Posted by anonymous parent, a member of the Palo Alto High School community, on Feb 16, 2007 at 9:57 am
Let's face it, many people are generally very self-centered, self-interested, and won't take reasonable advice (or give it to their children).
The main thing I'd like to see is each child looked at as an individual by his/her parents rather than the parents instituting a "Grand Plan" for the child for competitive reasons (end goal: prestigious college admission) at an early age. I am doing my best to treat my children as individuals, and I'm proud of that.
Posted by Wiser Now, a resident of Another Palo Alto neighborhood, on Feb 16, 2007 at 2:10 pm
Parent, there's a lot of variety in private schools. What appeals to me is small size so my kid knows everyone and is known by every one (students and staff), low homework load (allows for family time), college prep w/o being fixated on top tier colleges. Keeps life reasonably calm and my kid can get a full night's sleep.
Posted by Palo alto mom, a resident of the Crescent Park neighborhood, on Feb 16, 2007 at 2:56 pm
Dear Wiser now- I'd love to know what private school has a low homework load and is not focused on top tier colleges - all the kids I know at private middle and high schools have the same if not more homework and pressure than PAUSD - especially Castilleja (including Menlo, Crystal Spring, Woodside Priory, Pinewood, Nueva).
Posted by YAGP (Yet Another Gunn Parent), a member of the Gunn High School community, on Feb 17, 2007 at 8:47 pm
Very interesting column, Lucy. You asked some great questions.
I started in 6th grade telling my kids that I wasn't looking for a "name brand school" college experience for them. I've regularly mocked the Ivy League schools and observed that I think some parents want certain college bumper stickers for their cars--a status symbol for them, regardless of what their kids want! I've tried to encourage my kids to focus on learning, not grades.
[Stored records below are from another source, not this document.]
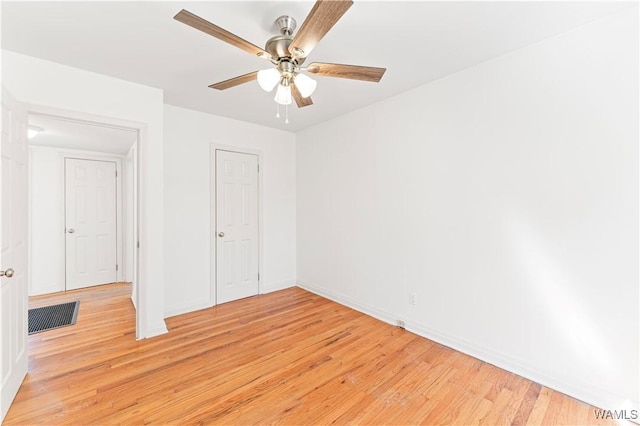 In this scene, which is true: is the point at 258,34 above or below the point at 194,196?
above

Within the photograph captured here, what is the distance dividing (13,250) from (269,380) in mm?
1969

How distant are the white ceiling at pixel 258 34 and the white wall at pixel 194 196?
2.58 ft

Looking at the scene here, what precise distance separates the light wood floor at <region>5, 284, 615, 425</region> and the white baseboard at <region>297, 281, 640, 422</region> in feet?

I believe and have frequently told them that:
1. One's ultimate success in life does not depend on all A's
2. One's ultimate success in life does not depend on attending an Ivy League school
3. One's happiness in life depends on being resilient, resourceful, and well-rounded
But even with all that home-based propaganda, my daughter, who attends Gunn, IS highly focused on grades. She wants to go to a UC school but she wants to do it with a near-perfect academic record. So I can't say that I've been wholly successful.
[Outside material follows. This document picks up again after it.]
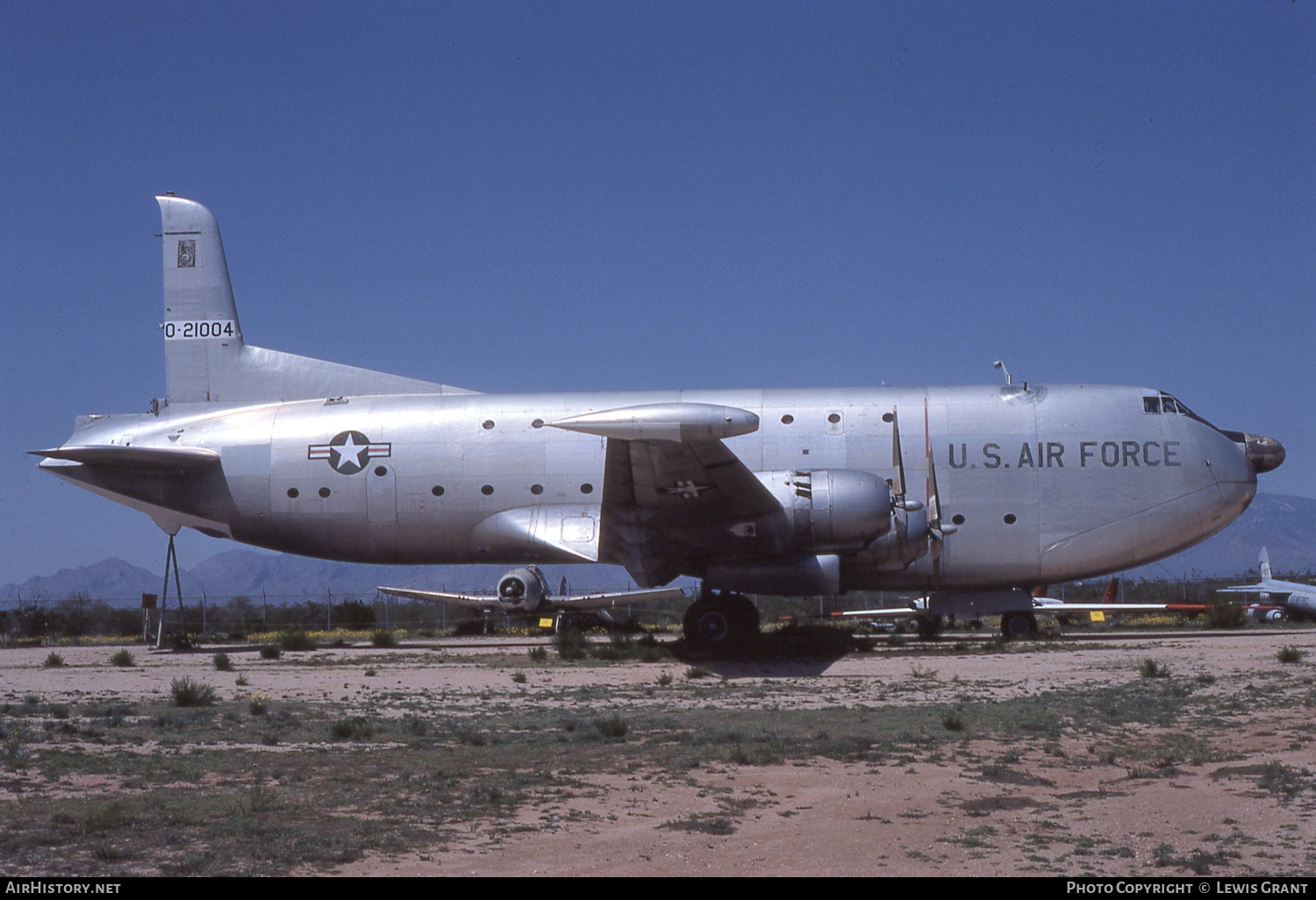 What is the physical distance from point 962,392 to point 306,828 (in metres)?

The SHARE group is doing a parent ed session on March 1 on alternative definitions of success for college-aged kids. They did this session two years ago, but this year have some particularly fascinating minority voices represented. I encourage everyone who is thinking of college and searching for alternate messaging for their kids to search out this meeting. Last time it was held at Paly; not sure where it will be this time but it's well worth finding. (If anyone has better details, please chime in!)
I also find it interesting that the Town Hall meeting on Thursday for families of color identified children's social and emotional wellbeing as just as important as academic success. I hope our new Superintendent takes that message to heart--and our school board, as well. I was highly discouraged when the board voted down the calendar that might have reduced student stress by putting finals before the Winter Break.
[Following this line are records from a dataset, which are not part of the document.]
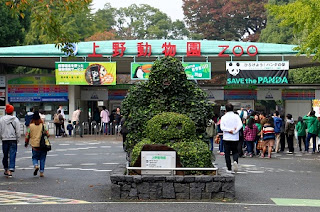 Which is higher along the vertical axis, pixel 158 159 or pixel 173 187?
pixel 158 159

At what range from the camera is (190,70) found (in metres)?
33.5

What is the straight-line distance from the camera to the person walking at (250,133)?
20.7 metres

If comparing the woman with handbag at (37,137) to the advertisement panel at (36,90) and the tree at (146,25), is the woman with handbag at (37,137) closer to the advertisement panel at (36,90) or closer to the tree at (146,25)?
the advertisement panel at (36,90)

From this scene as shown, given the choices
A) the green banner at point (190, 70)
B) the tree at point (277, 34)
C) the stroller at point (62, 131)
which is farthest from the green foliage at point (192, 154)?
the tree at point (277, 34)

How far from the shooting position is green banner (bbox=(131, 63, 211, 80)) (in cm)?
3331

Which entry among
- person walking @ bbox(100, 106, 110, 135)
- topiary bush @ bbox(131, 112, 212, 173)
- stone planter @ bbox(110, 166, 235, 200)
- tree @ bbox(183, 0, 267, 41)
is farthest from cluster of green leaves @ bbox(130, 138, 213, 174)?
tree @ bbox(183, 0, 267, 41)

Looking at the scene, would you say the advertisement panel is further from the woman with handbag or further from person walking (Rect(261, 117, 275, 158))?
the woman with handbag

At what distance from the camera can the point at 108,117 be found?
35.0 metres

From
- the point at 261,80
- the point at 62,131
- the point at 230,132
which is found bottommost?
the point at 62,131

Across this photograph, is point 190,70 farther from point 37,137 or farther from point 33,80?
point 37,137

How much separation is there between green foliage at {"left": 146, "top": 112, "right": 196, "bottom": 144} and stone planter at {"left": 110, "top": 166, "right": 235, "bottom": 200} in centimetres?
114

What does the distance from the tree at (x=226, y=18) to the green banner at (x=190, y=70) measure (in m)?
36.9

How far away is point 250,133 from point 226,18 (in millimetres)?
51790

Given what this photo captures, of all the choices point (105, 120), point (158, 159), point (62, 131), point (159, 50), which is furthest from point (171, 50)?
point (158, 159)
For me, it's an ongoing, resolute, repetitive process to *try* to keep my family healthy and happy and balanced. Wish I had more answers than that, though.
Posted by A PARENT, a resident of the Old Palo Alto neighborhood, on Mar 5, 2007 at 8:51 pm
I DON'T THINK SHELTER YOUR CHILD IS A HEALTHY THING. KIDS NEED TO BE KIDS AND KNOW THERE SURROUNDIBG.THERE KIDS IN THE WORLD WHO ARE SHELTER AND NOT USE OF SEEING DIFFERENT SOURCE OF PEOPLE.WHICH IS A BAD THING BECAUSE IN THE REAL WORLD PEOPLE ARE ALL SHADE OF COLORS,SIZE AND SHAPES. THEY WILL NOT KNOW HOW TO ACT IN THE WORLD IF THEY WASN'T INTRODUCE. PLEASE LET YOUR CHILDREN BE CHILDREN. SO MANY KIDS ARE PUSH TO GROW UP TO FAST. WHAT HAPPEN ABOUT LETTING CHILDREN EXPLORE THE WORLD. IT SO MUCH OUT THERE TO LEARN.